Work instruction: Exact copy, no pictures: output each line below as it stands.

══ Study material

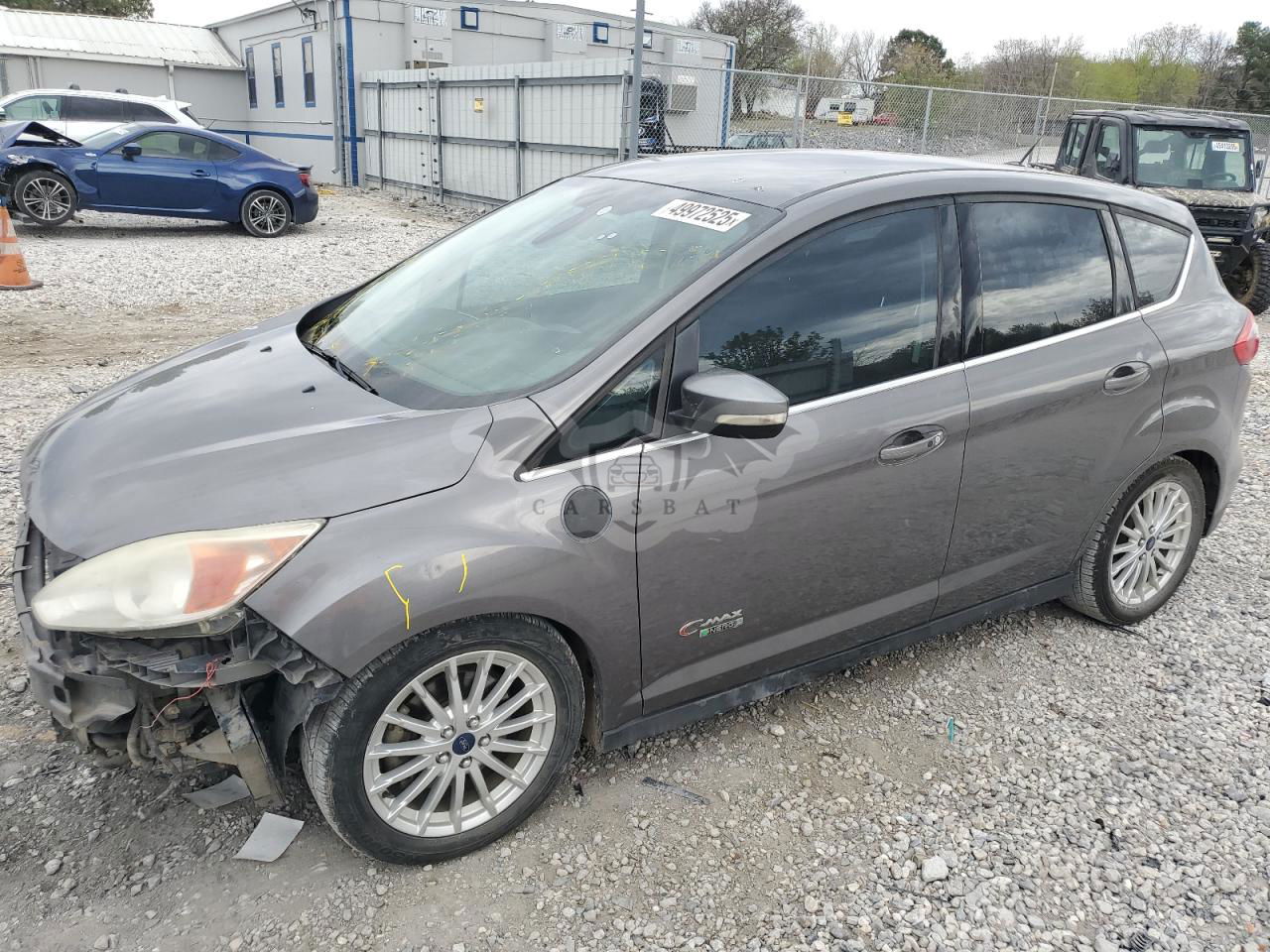 Ford C-Max PREMIUM 2.0L  4 2013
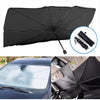 Car Front Windshield UV Protection Sunshade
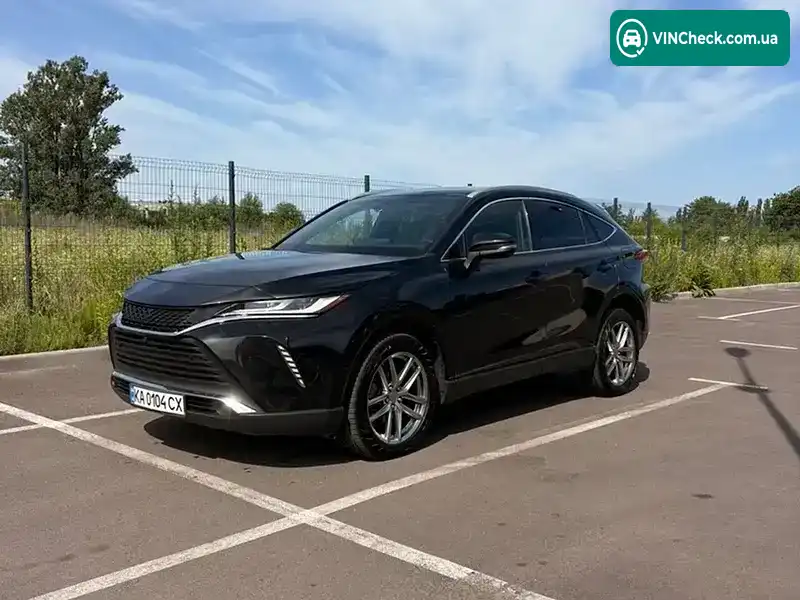 Toyota Venza 2020, фото з оголошення 1 з 13, VIN JTEAAAAH1MJ024749
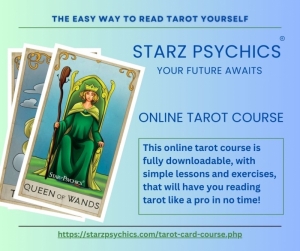 Looking for an easy way to read tarot yourself? — Starz Psychics spiritual blog, psychic insights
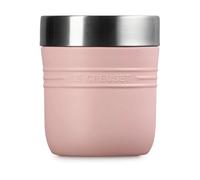 Le Creuset Shell Pink On The Go Food Flask 500ml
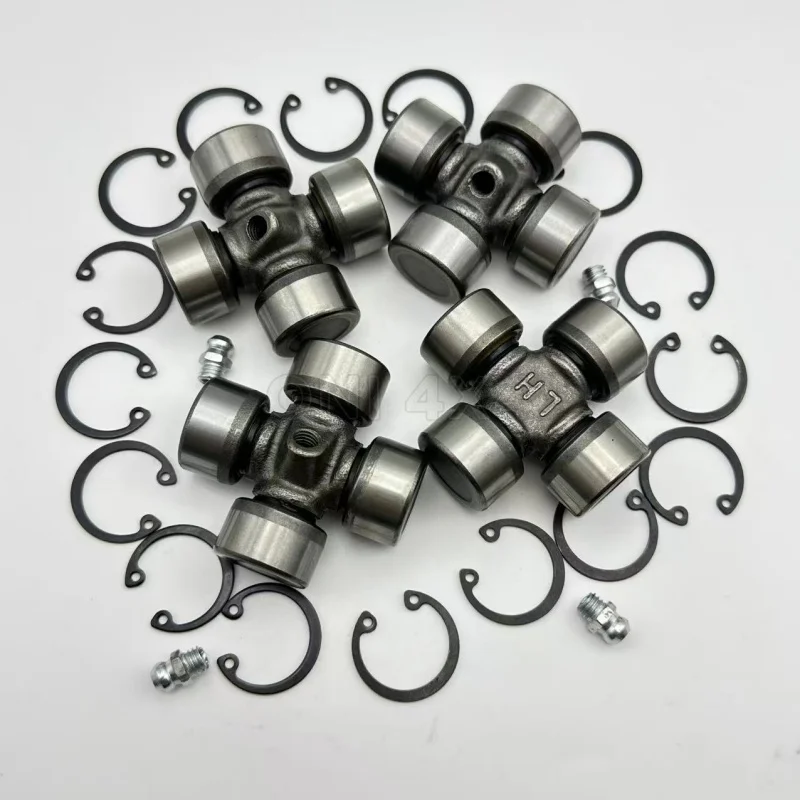 4PCS universal joint cross shaft 22×50 untuk CFMoto CForce 400 450 500 520 600 625 800 UForce 600 1000 Z 550 800 950 1000 suku cadang ATV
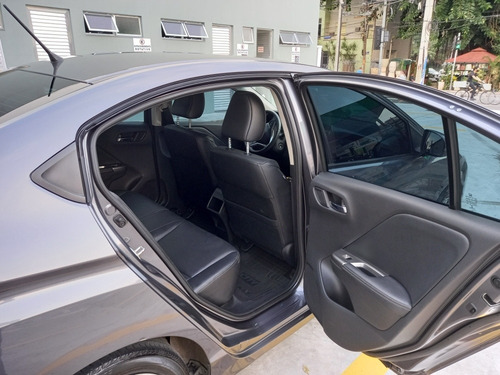 Honda City 2017 1.5 Exl Flex Aut. 4p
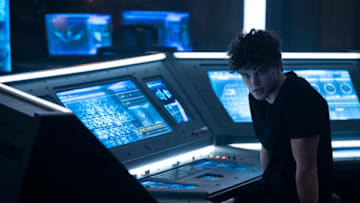 Titans. Photograph by Ben Mark Holzberg/HBO Max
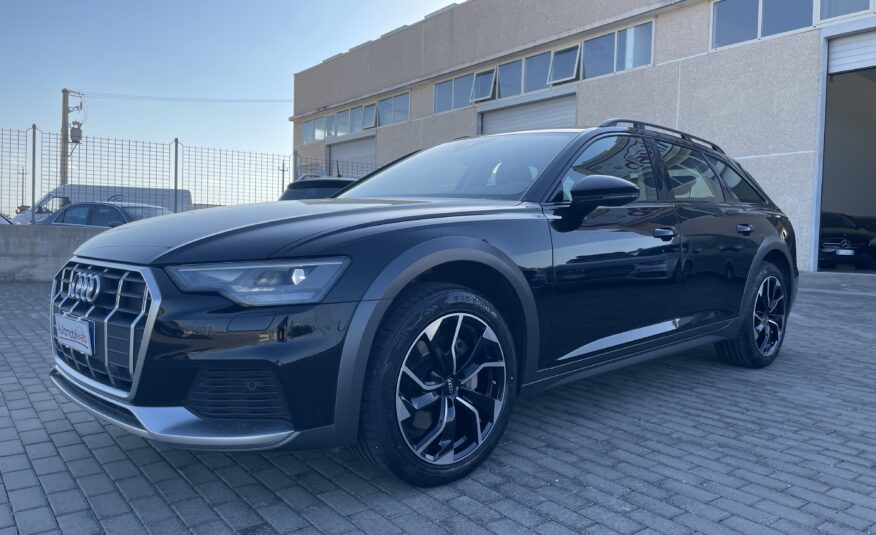 AUDI A6 ALLROAD 45TDI QUATTRO AVANT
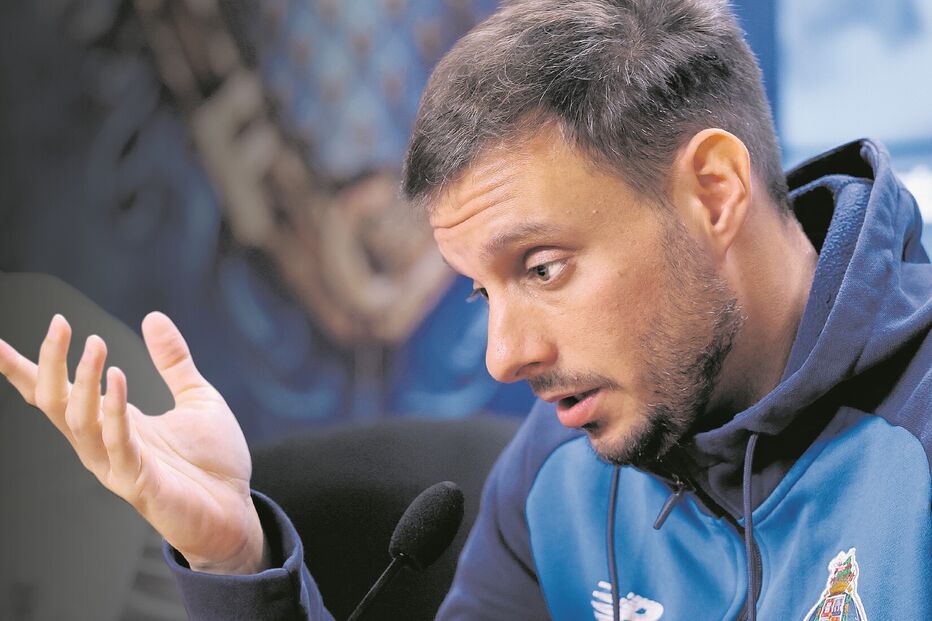 Martín Anselmi voltou a dizer que é preciso melhorar a cada jogo que o FC Porto fizer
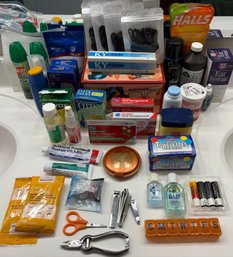 Small Assorted Bathroom Lot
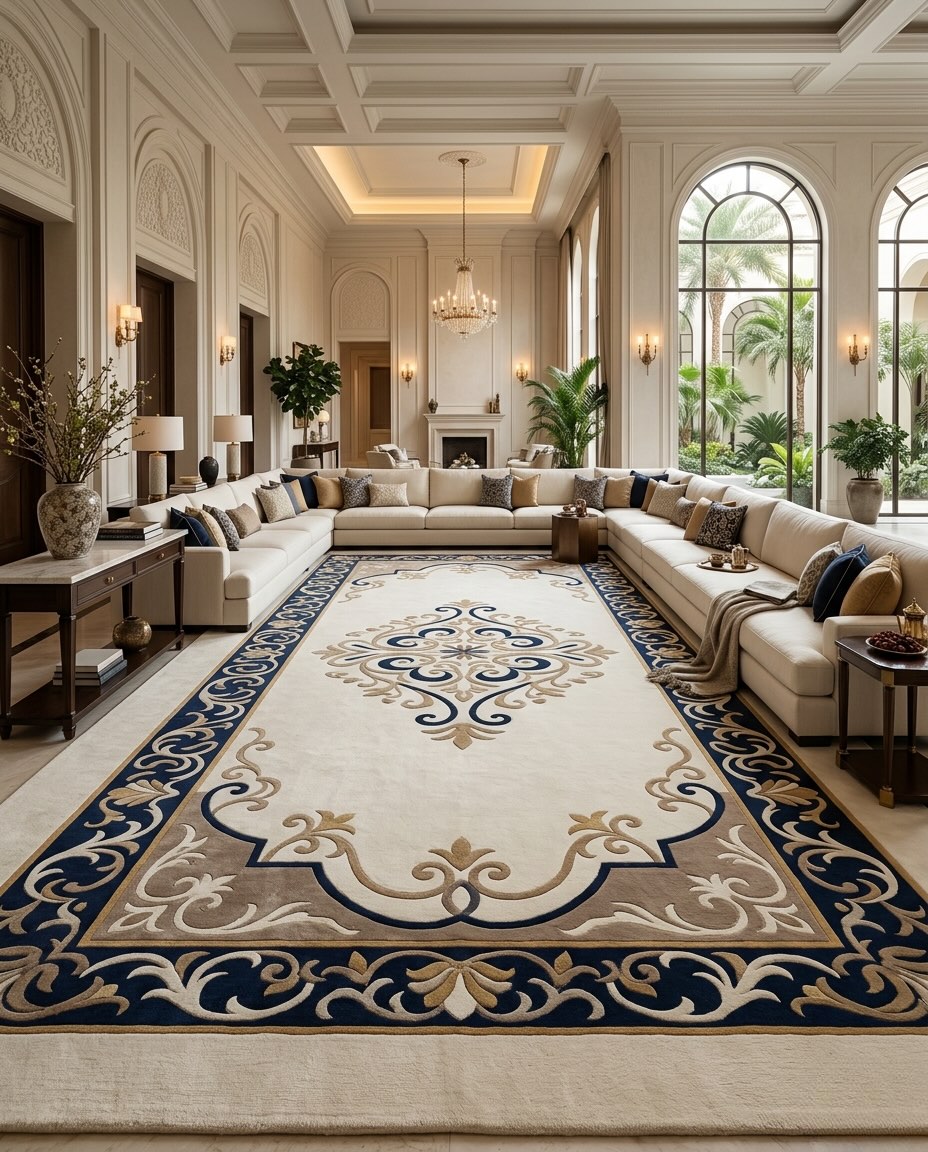 Jerm Hand-Tufted Rug 155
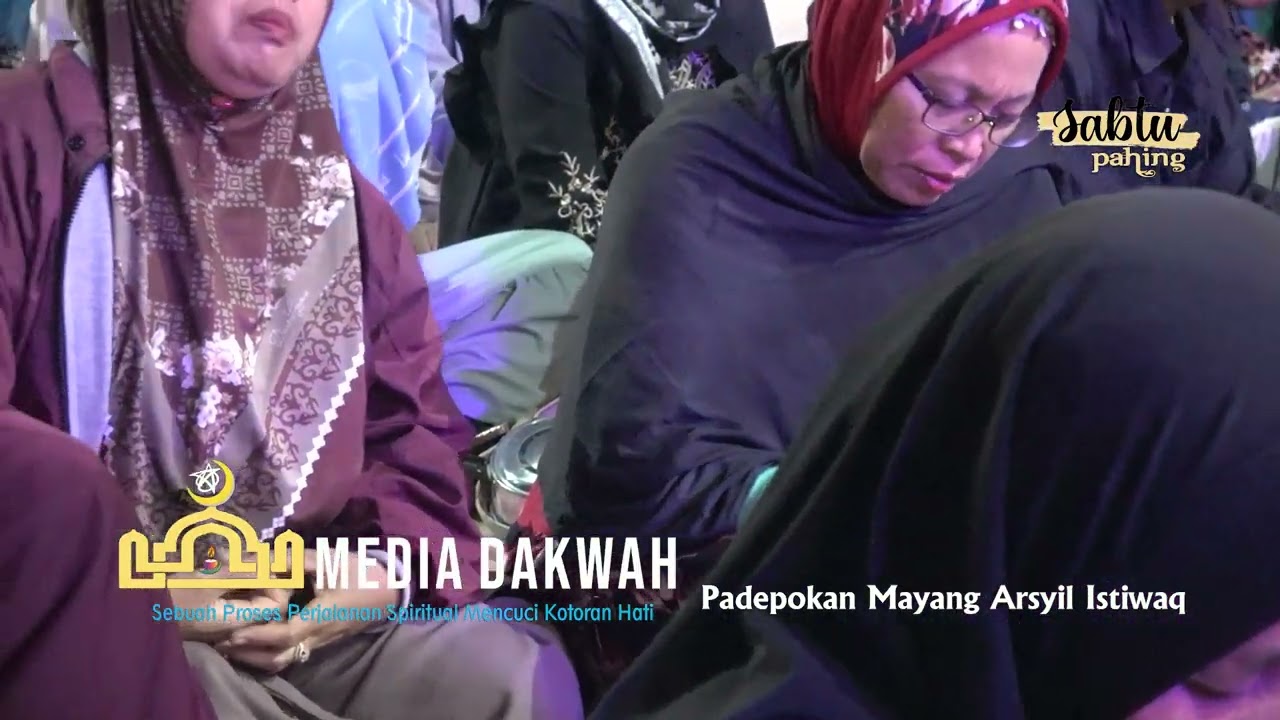 Ajine Menungso Urip   Sabtu Pahing magetan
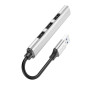 USB HUB Hoco HB26 4in1 (USB to USB3.0+USB2.0*3)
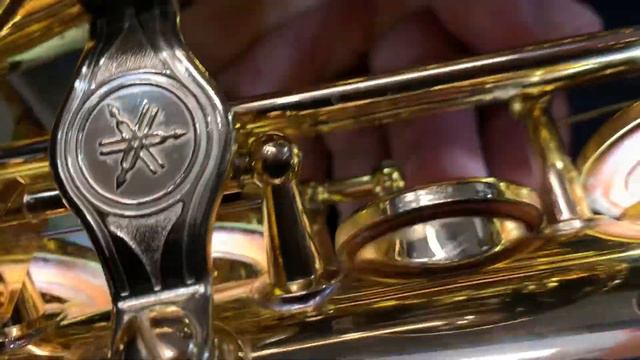 TICKET 6630 YAMAHA ALTO SAXOPHONE 280 N47433 drop damage service pre service assessment LEAK LIGHT0 смотреть онлайн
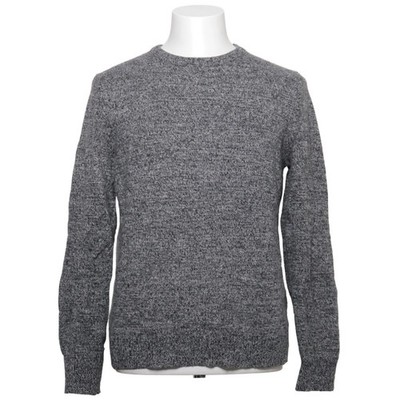 O'hanlon Mills, Strickpullover, Größe: M, Grau, Acryl/Polyamid/Wolle #ZAd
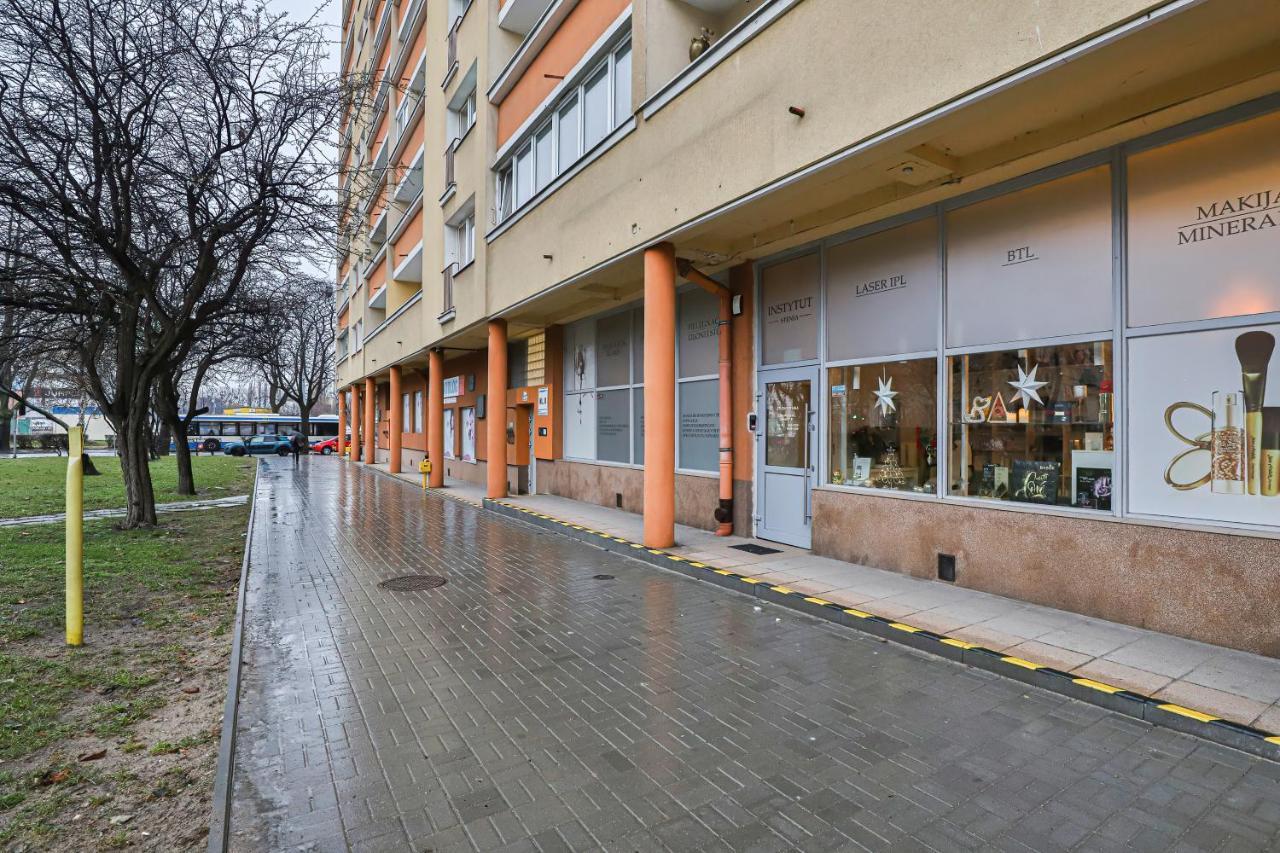 Apartments Gdynia Wladyslawa IV By Noclegi Renters Eksteriør bilde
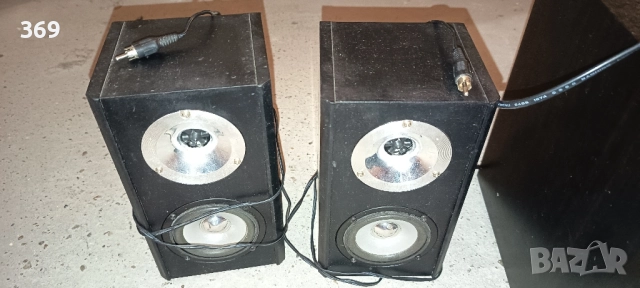 Субуфер Privileg A 9217, снимка 3 - Тонколони - 42202432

════

Task result:
 Ford C-Max PREMIUM 2.0L  4 2013
 Car Front Windshield UV Protection Sunshade
 Toyota Venza 2020, фото з оголошення 1 з 13, VIN JTEAAAAH1MJ024749
 Looking for an easy way to read tarot yourself? — Starz Psychics spiritual blog, psychic insights
 Le Creuset Shell Pink On The Go Food Flask 500ml
 4PCS universal joint cross shaft 22×50 untuk CFMoto CForce 400 450 500 520 600 625 800 UForce 600 1000 Z 550 800 950 1000 suku cadang ATV
 Honda City 2017 1.5 Exl Flex Aut. 4p
 Titans. Photograph by Ben Mark Holzberg/HBO Max
 AUDI A6 ALLROAD 45TDI QUATTRO AVANT
 Martín Anselmi voltou a dizer que é preciso melhorar a cada jogo que o FC Porto fizer
 Small Assorted Bathroom Lot
 Jerm Hand-Tufted Rug 155
 Ajine Menungso Urip   Sabtu Pahing magetan
 USB HUB Hoco HB26 4in1 (USB to USB3.0+USB2.0*3)
 TICKET 6630 YAMAHA ALTO SAXOPHONE 280 N47433 drop damage service pre service assessment LEAK LIGHT0 смотреть онлайн
 O'hanlon Mills, Strickpullover, Größe: M, Grau, Acryl/Polyamid/Wolle #ZAd
 Apartments Gdynia Wladyslawa IV By Noclegi Renters Eksteriør bilde
 Субуфер Privileg A 9217, снимка 3 - Тонколони - 42202432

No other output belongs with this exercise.